Allen’s explanation is brief.
“I put a charge into a lot of balls,” he said. “Still can.”
In the past seven years, Allen approached the White Sox and Texas Rangers about being their designated hitter. They were more interested in him coaching their young hitters.
To this day, Allen drives a baby-blue 1974 Lincoln Continental, bought for $10,000 in Chicago 17 years ago. He calls the car Big Blue. He talks to the car, asking, “Does the big fellow need a wash and wax today?”
Allen keeps a broom stick in the trunk of Big Blue. On mornings when Allen is not at the track, peddling the services of a Puerto Rican apprentice jockey named Johnny Velasquez, he drives to a Los Angeles-area state park named for another American original -- Will Rogers -- and bats stones into the Pacific.
“Nobody after me there,” Allen said. “Just me and the ocean and the sun.”
Long gone from the game, ignored by the owners, reviled and cherished by the fans, idolized by players who are fascinated by his persona and those whippet wrists, Dick Allen stories surface wherever baseball people gather. One good yarn concerns Jim Ray Hart, the hard third baseman for the Giants.
In 1962, Allen played for the Williamsport (Pa.) Phillies in the Class AA Eastern League. Hart toiled for the Springfield (Mass.) Giants. Going into the season finale, Springfield at Williamsport, Allen and Hart were two terrific young third basemen tied for the batting championship.
“I invited Crow (Hart) out to this little joint in Williamsport the night before the game,” Allen said. “Figured I’d get him sauced so I had an edge. I threw a $20 bill on the bar and told the bartender to start pouring Old Grand Dad.
“Don’t forget $20 bought a lot of drinks back then. We finally use up the twenty. We’re both pretty lit. Time to split, right? Crow reaches in his pocket and throws down another twenty. He says, ‘Let me return the favor.’
“The next day at the yard, I’m seeing nine infielders. Crow is taking BP (batting practice) and laughing. I know I have to have a good game.
“I go 4-for-6. Almost killed me. Crow, he goes 6-for-6 and wins the batting crown -- .331 to .329. Can you beat that?”
Cut to 1990. The Mariners are in their dugout before a game in the Kingdome. To pups such as Ken Griffey Jr. and Greg Briley, the name Dick Allen is a hazy memory, some guy who played in another place at a different time. For all they know, we could be discussing Dick Stuart.
Jeffrey Leonard is not only older and wiser, he grew up in Philadelphia.

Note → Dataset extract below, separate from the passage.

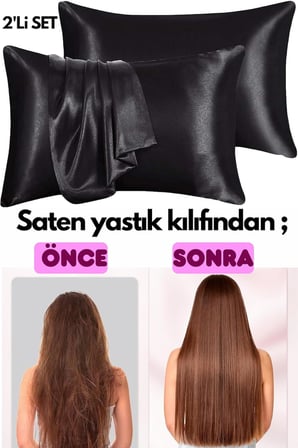 Set, İpeksi Saten Yastık Kılıfı,Saten Bone Çift Yönlü,Saten Toka,Kozmetik,Cilt Bakım,Saç Kabarması,Saç Kırılması,Düz Saç,Dalgalı Saç,Kıvırcık Saçlar için,Hediyelik,Çeyizlik (Siyah)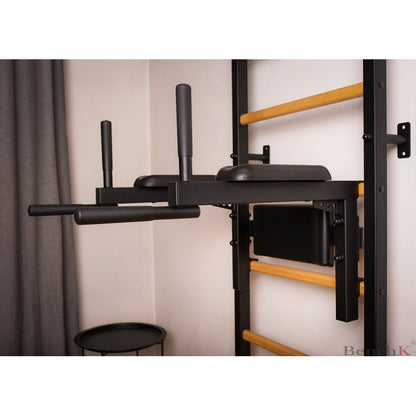 BenchK Sprossenwand 732B, Metall schwarz/ Buche dunkel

Leonard worships Dick Allen. At the mention of Allen’s name, Leonard springs from the bench and grabs a bat.
Leonard assumes that sturdy stance. He lowers his left shoulder. He tugs at his shirt sleeves. He snorts through his nose. Dick Allen, to the life.
“Man, you guys never seen anything like him,” Leonard tells Griffey and Briley. “The baddest (bleep-bleep) who ever lived.
“He could rake. He played the game the right way. Hard. Very hard. Oh man, I’m glad you brought him up. Nobody like Dick Allen. Nobody.”
Leonard takes a ferocious cut, watching a distant ball leave the Kingdome, heading for the ocean.